Extending the Confluence Search Index

May 23rd, 2010 by

Developing plugins for the Confluence Wiki a developer sometimes needs to save additional metadata to a page object using Bandana or the ContentPropertyManager. Wouldn’t it be nice if this metadata was available in the built-in Lucene index?

That is were the Confluence Extractor Module comes into play..

 

Overview

An extractor allows the developer to add new fields to the lucene search index. Creating a new extractor is quite simple – just implement the interface com.atlassian.bonnie.search.Extractor or bucket.search.lucene.extractor.BaseAttachmentContentExtractor if you want to build a new file extractor.
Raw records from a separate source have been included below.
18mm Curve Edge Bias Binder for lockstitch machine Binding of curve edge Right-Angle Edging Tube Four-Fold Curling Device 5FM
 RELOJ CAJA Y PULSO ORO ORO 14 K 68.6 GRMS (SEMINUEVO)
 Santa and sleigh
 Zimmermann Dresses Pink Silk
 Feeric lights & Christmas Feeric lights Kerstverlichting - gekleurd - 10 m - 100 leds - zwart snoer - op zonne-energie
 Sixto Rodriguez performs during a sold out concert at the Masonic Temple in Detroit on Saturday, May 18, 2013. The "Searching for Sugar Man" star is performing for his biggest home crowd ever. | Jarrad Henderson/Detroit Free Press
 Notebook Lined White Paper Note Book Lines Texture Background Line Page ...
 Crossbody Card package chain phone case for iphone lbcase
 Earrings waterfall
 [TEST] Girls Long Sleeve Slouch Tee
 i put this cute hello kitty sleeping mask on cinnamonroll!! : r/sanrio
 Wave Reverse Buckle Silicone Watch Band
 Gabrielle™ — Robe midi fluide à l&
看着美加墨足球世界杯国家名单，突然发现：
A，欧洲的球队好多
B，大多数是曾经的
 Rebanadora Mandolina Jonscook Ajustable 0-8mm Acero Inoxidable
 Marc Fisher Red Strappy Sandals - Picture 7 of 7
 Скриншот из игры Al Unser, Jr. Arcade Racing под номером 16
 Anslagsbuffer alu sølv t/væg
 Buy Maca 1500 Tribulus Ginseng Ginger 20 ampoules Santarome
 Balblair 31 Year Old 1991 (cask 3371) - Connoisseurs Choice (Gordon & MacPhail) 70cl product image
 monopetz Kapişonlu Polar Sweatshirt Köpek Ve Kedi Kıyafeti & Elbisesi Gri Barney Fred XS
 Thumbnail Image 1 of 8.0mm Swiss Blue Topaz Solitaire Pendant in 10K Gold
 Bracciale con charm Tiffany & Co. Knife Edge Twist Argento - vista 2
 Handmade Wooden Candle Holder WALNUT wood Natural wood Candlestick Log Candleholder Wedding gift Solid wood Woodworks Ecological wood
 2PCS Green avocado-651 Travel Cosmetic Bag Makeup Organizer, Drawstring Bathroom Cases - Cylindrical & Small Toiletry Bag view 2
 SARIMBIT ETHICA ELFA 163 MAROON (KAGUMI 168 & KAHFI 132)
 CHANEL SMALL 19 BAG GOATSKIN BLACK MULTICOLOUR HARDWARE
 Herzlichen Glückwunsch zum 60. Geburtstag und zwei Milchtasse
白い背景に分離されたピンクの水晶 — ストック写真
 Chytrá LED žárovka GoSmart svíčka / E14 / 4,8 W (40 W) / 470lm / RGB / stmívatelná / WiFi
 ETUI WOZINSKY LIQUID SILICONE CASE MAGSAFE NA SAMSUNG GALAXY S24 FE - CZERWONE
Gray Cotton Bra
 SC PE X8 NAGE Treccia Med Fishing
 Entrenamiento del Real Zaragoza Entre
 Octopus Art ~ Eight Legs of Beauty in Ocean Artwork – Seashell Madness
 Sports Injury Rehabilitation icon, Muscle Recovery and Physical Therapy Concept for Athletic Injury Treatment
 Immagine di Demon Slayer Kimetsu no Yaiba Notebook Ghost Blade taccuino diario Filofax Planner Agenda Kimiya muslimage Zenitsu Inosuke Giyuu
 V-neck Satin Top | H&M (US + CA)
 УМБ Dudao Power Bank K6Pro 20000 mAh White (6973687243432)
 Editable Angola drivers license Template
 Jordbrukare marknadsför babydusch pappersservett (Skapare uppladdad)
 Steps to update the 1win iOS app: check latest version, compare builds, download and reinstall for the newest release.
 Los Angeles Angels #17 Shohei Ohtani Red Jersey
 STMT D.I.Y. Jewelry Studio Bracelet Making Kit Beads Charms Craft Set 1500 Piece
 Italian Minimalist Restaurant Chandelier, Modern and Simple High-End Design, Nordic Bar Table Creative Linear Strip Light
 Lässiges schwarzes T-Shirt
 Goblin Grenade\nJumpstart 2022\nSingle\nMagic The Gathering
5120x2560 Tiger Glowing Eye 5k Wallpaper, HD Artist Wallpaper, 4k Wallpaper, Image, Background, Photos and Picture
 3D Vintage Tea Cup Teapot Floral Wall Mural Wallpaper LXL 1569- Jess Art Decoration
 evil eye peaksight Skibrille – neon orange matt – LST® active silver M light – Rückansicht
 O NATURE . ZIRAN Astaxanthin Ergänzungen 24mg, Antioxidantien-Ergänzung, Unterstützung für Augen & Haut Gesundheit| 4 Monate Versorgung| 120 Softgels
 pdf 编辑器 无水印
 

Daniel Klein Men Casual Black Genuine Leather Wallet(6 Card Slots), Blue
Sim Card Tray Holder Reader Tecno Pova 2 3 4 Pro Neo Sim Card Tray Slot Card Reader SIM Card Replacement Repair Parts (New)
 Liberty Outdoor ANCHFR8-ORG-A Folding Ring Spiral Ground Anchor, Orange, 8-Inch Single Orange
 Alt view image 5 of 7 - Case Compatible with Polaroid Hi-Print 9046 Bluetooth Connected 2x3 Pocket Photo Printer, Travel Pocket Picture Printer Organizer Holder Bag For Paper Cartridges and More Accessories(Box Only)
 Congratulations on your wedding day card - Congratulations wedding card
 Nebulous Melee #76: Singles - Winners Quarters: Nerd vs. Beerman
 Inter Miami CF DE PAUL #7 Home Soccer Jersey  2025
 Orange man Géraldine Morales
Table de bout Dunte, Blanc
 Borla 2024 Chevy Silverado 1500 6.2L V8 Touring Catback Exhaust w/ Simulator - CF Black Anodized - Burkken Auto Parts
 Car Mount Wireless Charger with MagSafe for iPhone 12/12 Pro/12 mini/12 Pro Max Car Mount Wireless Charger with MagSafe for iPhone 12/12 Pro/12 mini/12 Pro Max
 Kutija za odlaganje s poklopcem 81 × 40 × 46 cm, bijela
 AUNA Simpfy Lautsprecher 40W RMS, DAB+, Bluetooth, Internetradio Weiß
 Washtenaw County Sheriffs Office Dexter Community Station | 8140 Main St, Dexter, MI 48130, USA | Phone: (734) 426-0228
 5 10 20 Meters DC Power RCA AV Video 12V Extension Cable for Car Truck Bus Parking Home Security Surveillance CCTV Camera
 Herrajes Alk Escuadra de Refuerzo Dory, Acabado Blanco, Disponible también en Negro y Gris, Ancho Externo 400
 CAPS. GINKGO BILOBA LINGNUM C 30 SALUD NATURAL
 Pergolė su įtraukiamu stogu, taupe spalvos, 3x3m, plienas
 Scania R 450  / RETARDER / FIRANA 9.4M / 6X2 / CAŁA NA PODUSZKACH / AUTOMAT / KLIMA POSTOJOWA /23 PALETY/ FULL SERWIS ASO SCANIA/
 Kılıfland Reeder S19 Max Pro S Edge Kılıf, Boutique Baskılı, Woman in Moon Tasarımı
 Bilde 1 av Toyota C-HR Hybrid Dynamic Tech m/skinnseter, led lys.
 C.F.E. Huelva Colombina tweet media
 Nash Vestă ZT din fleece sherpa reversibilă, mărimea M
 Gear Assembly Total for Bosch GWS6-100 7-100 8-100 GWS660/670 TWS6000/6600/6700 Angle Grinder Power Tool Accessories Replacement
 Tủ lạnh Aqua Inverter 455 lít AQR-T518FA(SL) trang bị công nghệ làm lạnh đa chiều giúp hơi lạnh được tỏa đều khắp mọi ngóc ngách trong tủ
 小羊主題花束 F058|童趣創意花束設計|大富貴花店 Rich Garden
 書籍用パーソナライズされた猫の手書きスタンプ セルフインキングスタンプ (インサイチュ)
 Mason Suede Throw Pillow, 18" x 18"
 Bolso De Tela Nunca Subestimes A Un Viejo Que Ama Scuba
There is a good documentation for both extractor types available at the Atlassian Wiki.

Example Application

The following demonstration plugin adds a new field “hascode” to the lucene search index, appends it to every existing page and fills the field with a string “XXX”. Maven archetypes are used for the tutorial – if you need some help on this topic – please take a look at this article.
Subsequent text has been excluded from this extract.